Why Web Components Are The Future of The Web
What do you say? You haven't heard about web components until now? Or have already forgotten about its concepts? Don't worry, we'll send a really brief introduction your way.
The idea behind web components evolved with the growing capabilities of modern browsers. Browsers and their underlying hardware layer are powerful enough today, to have them run full-fledged applications. They are no longer only windows to show you some hypertext. As long as one developer (or team, for that matter) is able to control the application logic of a website entirely, all is well. JavaScript is a proven method. But as soon as more than one application is supposed to run on the same website, e.g. in the form of separate widgets, things start to become difficult.
The traditional concepts of web design were not meant to allow to create websites from different, independent modules. And though, this seems possible, it is at least not without the risk of one module getting in the ways of others.
To avoid the inherent problems, the working draft on web components introduces several new technical solution with the most important being HTML Imports, Custom Elements and Shadow DOM. HTML Imports allows you to embed external HTML. Custom Elements allows the creation of custom tags following the same syntax as native elements. And Shadow DOM hides application sections from view in the main DOM, so that no other DOM part is able to access them.
To make the most important and most promising parts of the new specs available for practical use today, teams from the dominating browser developers Google and Mozilla started to create interim solutions. The best known projects are X-Tags by Mozilla and Polymer by Google.

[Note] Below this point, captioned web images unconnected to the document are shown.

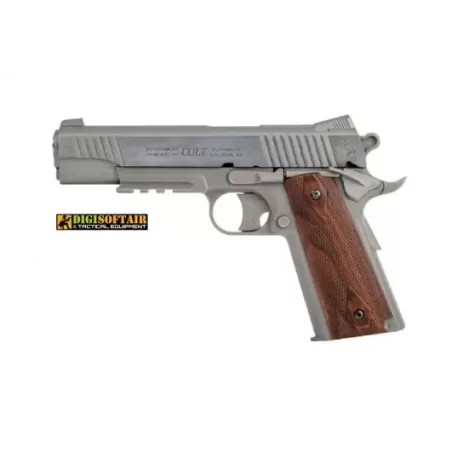 COLT 1911 Rail Gun Stainless fixed metal slide 6mm 15 BB's COLT 1911 Rail Gun Stainless fixed metal slide 6mm 15 BB's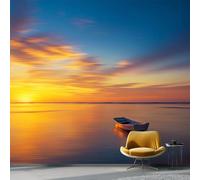 Wallpaper Photo Nature Sea Boat for Living Room Bedroom Decor, Yellow Non-Woven Art Wallpaper for Children's Room Hallway Lounge, Giant Mural 200 x 140 cm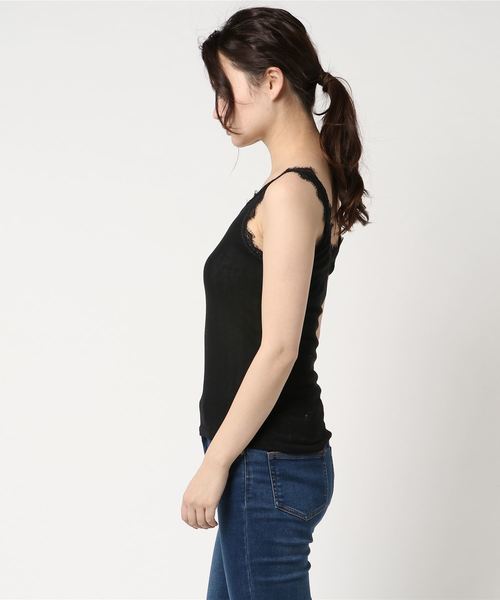 laboratory work（ラボラトリーワーク）の「ヒゲレース２wayキャミソール（キャミソール・レディース・オフホワイト/ブラック/グレー・MEDIUM）」の4枚目の写真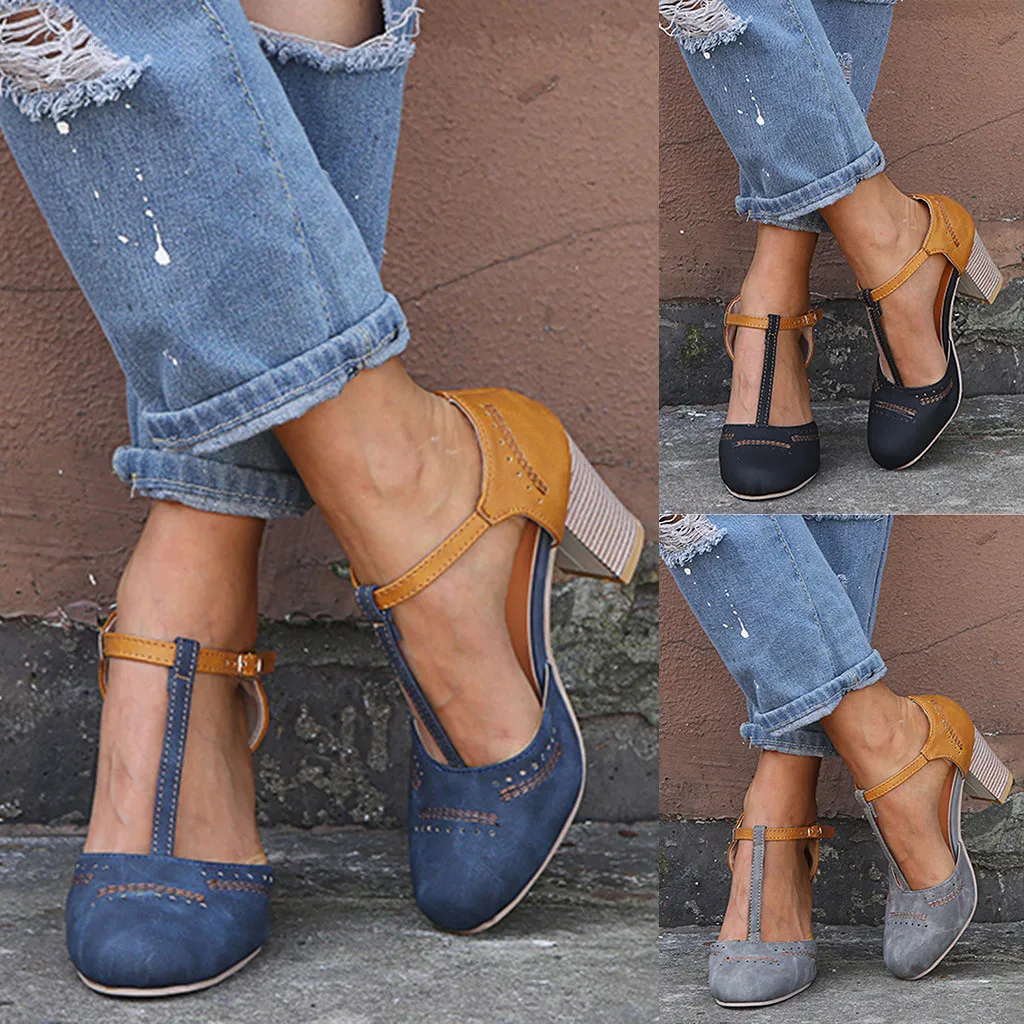 

Women's Fashion Rome Round Toe Buckle Strap Sandals Thick Heel High Heels Shoes Round Toe 8cm black gray blue plus size35-43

Both concentrate on Custom Elements.
Generally all projects are designed to make themselves redundant over time. Polymer for example checks the web components capabilities of the calling browser on runtime and only cares for the parts of the spec that are not natively supported.
WebComponents.org: All You Need to Know Under One Roof
The new project WebComponents.org was originally planned as a kind of wiki for community members. With some members' motivation to create being so high it developed to become not a another dry wiki, but a fresh and modern website, with its own logo even. The goal of the project is to centralize the available information, solutions, specs, presentations, best practices and what not.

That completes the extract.